ARモデル (Autoregressive Model) 自己回帰モデル。ある時点の値が、それ以前の過去の値に依存して決まると仮定するモデル。

MAモデル (Moving Average Model) 移動平均モデル。ある時点の値が、過去のランダムな誤差(予測できなかったショック)の影響を受けて決まると仮定するモデル。

ARMAモデル 自己回帰移動平均モデル。ARモデルとMAモデルを組み合わせた、より一般的で柔軟な時系列モデル。

定常性 (Stationarity) 時系列データの統計的な性質(平均、分散、自己相関など)が、時間をずらしても変化しない、という性質。多くの時系列モデルが、この性質を前提とする。
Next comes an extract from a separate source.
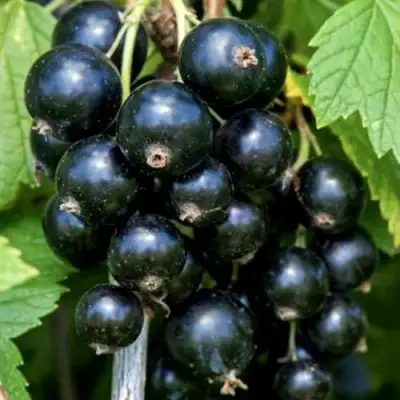 Смородина чёрная СЕЛЕЧЕНСКАЯ в Калинковичах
自己相関 (Autocorrelation) ある時系列データにおいて、ある時点の値と、それより過去の値との間に見られる相関関係。

ランダムウォーク仮説 (Random Walk Hypothesis) 株価などの資産価格の変動は、ランダムであり、過去の価格変動から将来の価格変動を予測することは不可能である、とする仮説。
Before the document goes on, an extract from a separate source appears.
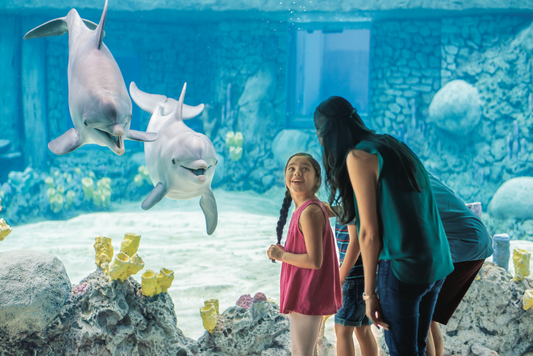 SAT Sea World Main photo.jpg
GARCHモデル 金融時系列データに見られるボラティリティの変動(ボラティリティ・クラスタリング)をモデル化する手法。その数理構造はARMAモデルに基づいている。

ボラティリティ・クラスタリング 金融市場において、価格変動が激しい時期(高ボラティリティ)としばらく続き、価格変動が穏やかな時期(低ボラティリティ)もしばらく続くという、変動率の性質。

VARモデル (Vector Autoregression) ベクトル自己回帰モデル。複数の時系列変数が、互いにどのように影響を与え合っているかをモデル化する、ARモデルの多変量への拡張版。


参考文献一覧

[1] Box, G. E. P., & Jenkins, G. M. (1970). Time series analysis: Forecasting and control. Holden-Day.
※書籍です。

[2] Sims, C. A. (1980). Macroeconomics and reality. Econometrica, 48(1), 1-48.
https://doi.org/10.2307/1912017

[3] Baumeister, C., & Hamilton, J. D. (2019). Structural interpretation of vector autoregressions with incomplete identification: Revisiting the role of oil supply and demand shocks. American Economic Review, 109(5), 1873-1910.
https://doi.org/10.1257/aer.20151569

[4] Bollerslev, T. (1986). Generalized autoregressive conditional heteroskedasticity. Journal of Econometrics, 31(3), 307-327.
https://doi.org/10.1016/0304-4076(86)90063-1

[5] Fama, E. F. (1965). The behavior of stock-market prices. The Journal of Business, 38(1), 34-105.
https://doi.org/10.1086/294743

[6] Engle, R. F. (2001). The use of ARCH/GARCH models in applied econometrics. Journal of Economic Perspectives, 15(4), 157-168.